Nel suo secondo appuntamento con la rubrica La nota, Ambra ci propone una bellissima analisi del "San Michele Arcangelo" di Guido Reni, che si trova a Roma in Santa Maria della Concezione, in Via Veneto. Un ottimo coronamento per la puntata sul grande artista bolognese.
Quando i nostri occhi contemplano un'espressione artistica così eccelsa, un invadente stupore
sembra invadere il nostro cuore.
Una pittura argentea capace di raggiungere livelli straordinari di intensa delicatezza fissando i
canoni di una bellezza virtuosa, una bellezza che si propone come modello estetico e morale.
Immerse in un idealismo classicheggiante, le opere di Guido Reni ripercorrono i sentieri idilliaci del
mito e della storia antica con uno sguardo di stima verso l'eredità culturale del Rinascimento.
Una ricerca del vero necessaria e fortemente voluta, ma depurata dei suoi aspetti più volgari fino
alla sublime rappresentazione del vero ideale.
Quel sottile e fragile equilibrio che cerca di mediare la purezza del divino con l'oscurità del vero si
evince da ogni sua opera capace di coniugare l' esigenza di verità caravaggesca con il divino
classicismo di Raffaello nel complesso confrontarsi con la tradizione.

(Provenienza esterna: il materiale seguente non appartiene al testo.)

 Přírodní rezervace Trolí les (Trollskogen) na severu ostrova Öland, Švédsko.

Vesti fruscianti, delicati panneggi, volti fanciulleschi testimoniano l'alto senso della bellezza
risultato finale di un approccio conservatore che ripropone la monumentalità antica ed il
naturalismo contemporaneo.
Ecco che l'animo cristiano affianca la grazia e la delicatezza in raffigurazioni umane e divine il cui
corpo diventa ricordo mormorato di un passato da rievocare come testimonia il celebre "San
Michele Arcangelo" commissionato all'artista dal cardinale Antonio Barberini e realizzato su tela di
seta.
Morbidi panneggi colorati avvolgono il sinuoso corpo dell'angelo in un intenso classicismo
all'interno di un'equilibrata composizione capace di evidenziare la celestiale bellezza del volto
angelico.
Le decise curve compositive fanno risuonare l'intera composizione sulla base di una iconografia
antica impostata sulle note di un'avvolgente sinfonia.

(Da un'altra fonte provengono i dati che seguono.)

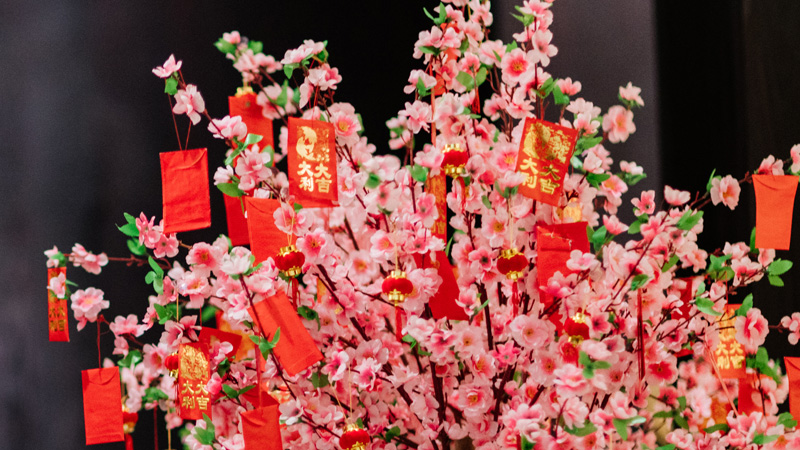 Spring Festival (Chinese New Year) Decoration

Grande fu il riconoscimento e la stima dei contemporanei i quali non esitarono a confrontare la
graziosa, ma allo stesso tempo possente creatura angelica con l'Apollo del Belvedere.
Il suo braccio destro così muscoloso e possente nell'impugnare quella spada così sottile ed affilata
pronta a sconfiggere il demonio intraprende l' eclatante diatriba che sembra apparire ai nostri occhi
nell'ammirare la bellezza ideale dell'angelo contrapposta alla brutalità del demonio.

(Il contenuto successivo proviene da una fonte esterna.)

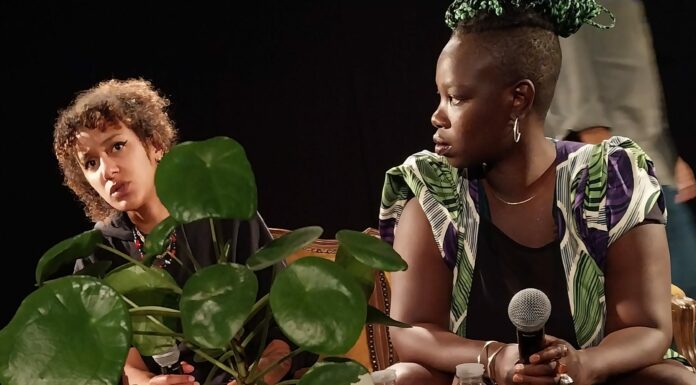 Pourquoi tu cries ? #27 – entretien avec Diaty Diallo et Fatou S.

"Vorrei aver avuto pennello angelico, o forme di Paradiso per formare l'Arcangelo, o vederlo in
Cielo; ma io non ho potuto salir tant'alto, ed invano l'ho cercato in terra. Sicchè ho riguardato in
quella forma che nell'idea mi sono stabilita".
E fu quell'idea così ben chiara e definita nella mente geniale dell'artista che il bene, nella
personificazione del San Michele sembra abbracciare il bello accompagnando la mente
dell'osservatore verso la comprensione della più antica lotta mai esistita tra il bene ed il male.
Ma osservando con attenzione quell'orrida creatura portatrice di sciagure, essa non ha forse le
sembianze di un potente uomo di Chiesa?
Lo sguardo demoniaco così fortemente espressivo testimone della sconfitta ormai sopraggiunta
nasconde forse una personale vendetta dell'artista nei confronti di un papa alquanto indisponente?
"L'angelo io non potevo vederlo e dovetti dipingerlo secondo la mia fantasia. Il demone invece l'ho
incontrato parecchie volte, l'ho guardato attentamente e ho fissato i suoi tratti proprio come li ho
visti".
E fu proprio così che Guido Reni si giustificò al cospeetto di Papa Innocenzo X che vedendosi
ritratto in sembianze demoniache si pentì di aver riservato all'artista parole ben poco piacevoli sul
suo operare artistico.
Ma se l'arte, la vera arte è eterna, allora la vendetta dell'artista sfiorerà gli albori dell'eternità.